───── SUPPLIED MATERIAL ─────

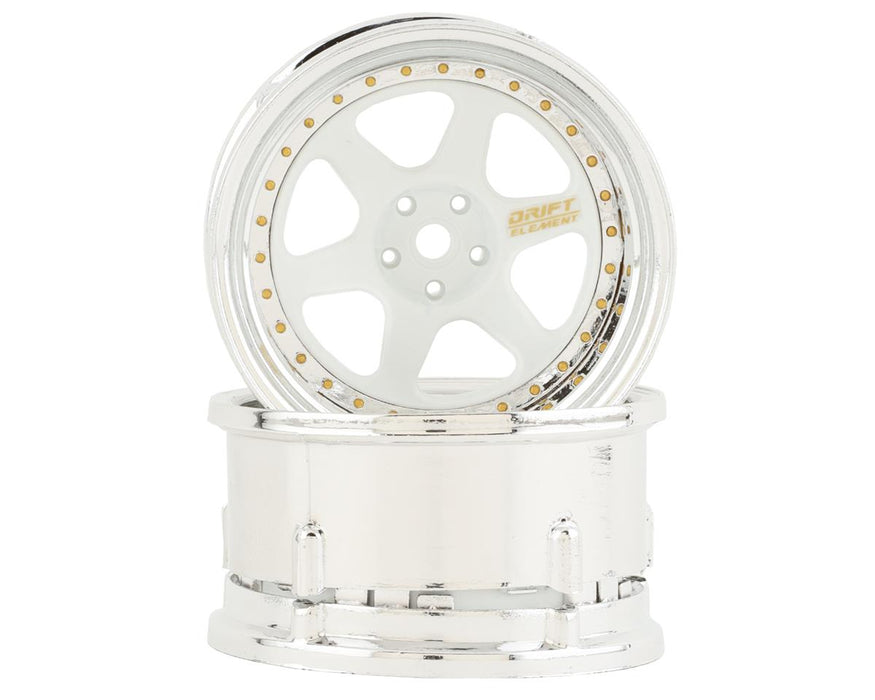 DS Racing Drift Element 6 Spoke Drift Wheels (White & Chrome w/Gold Rivets) (2)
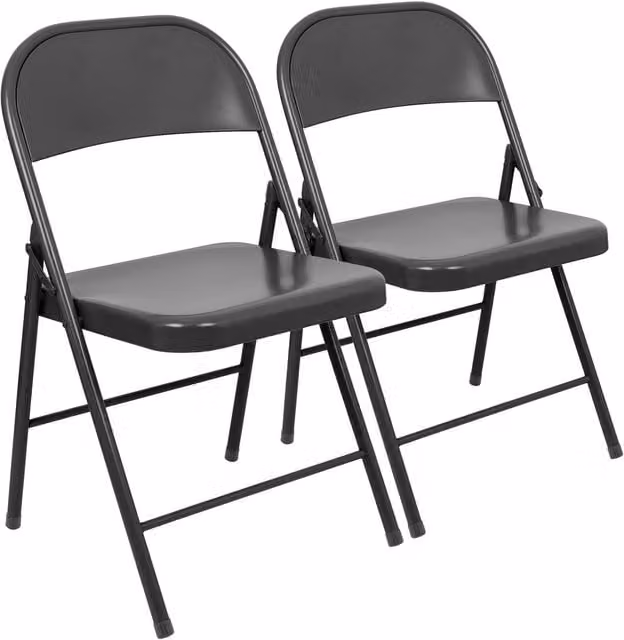 Harbour Housewares Pack of 2 Matt Black Metal Stackable Folding Dining Chairs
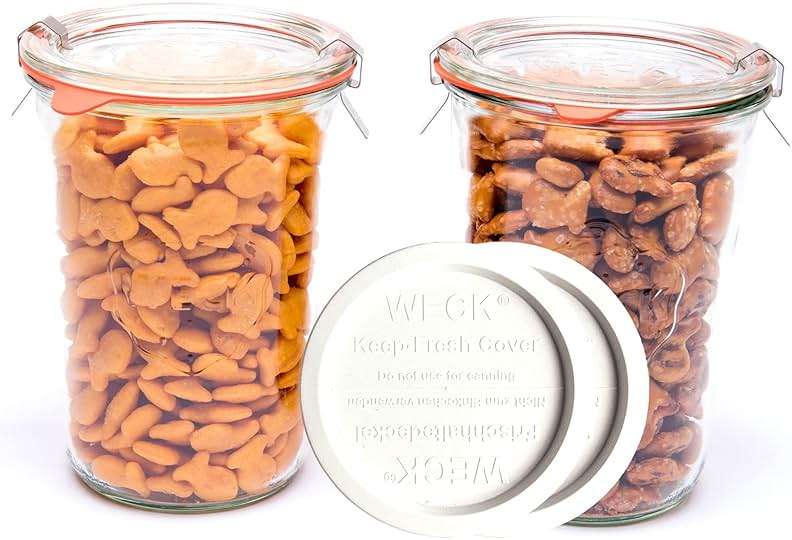 Weck Canning Jars 743 Sourdough Starter,Set of 2 Weck Mold Jars made of Transparent Glass,Set includes 2 WECK Mold 743 Jars with Glass & Keep Fresh Lids, Gaskets and Clips - Image 1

─────

#### PROBLEM
With every picture omitted, write out the material exactly from its first line through the line containing "Harbour Housewares Pack".

#### ANSWER SECTION
 DS Racing Drift Element 6 Spoke Drift Wheels (White & Chrome w/Gold Rivets) (2)
 Harbour Housewares Pack of 2 Matt Black Metal Stackable Folding Dining Chairs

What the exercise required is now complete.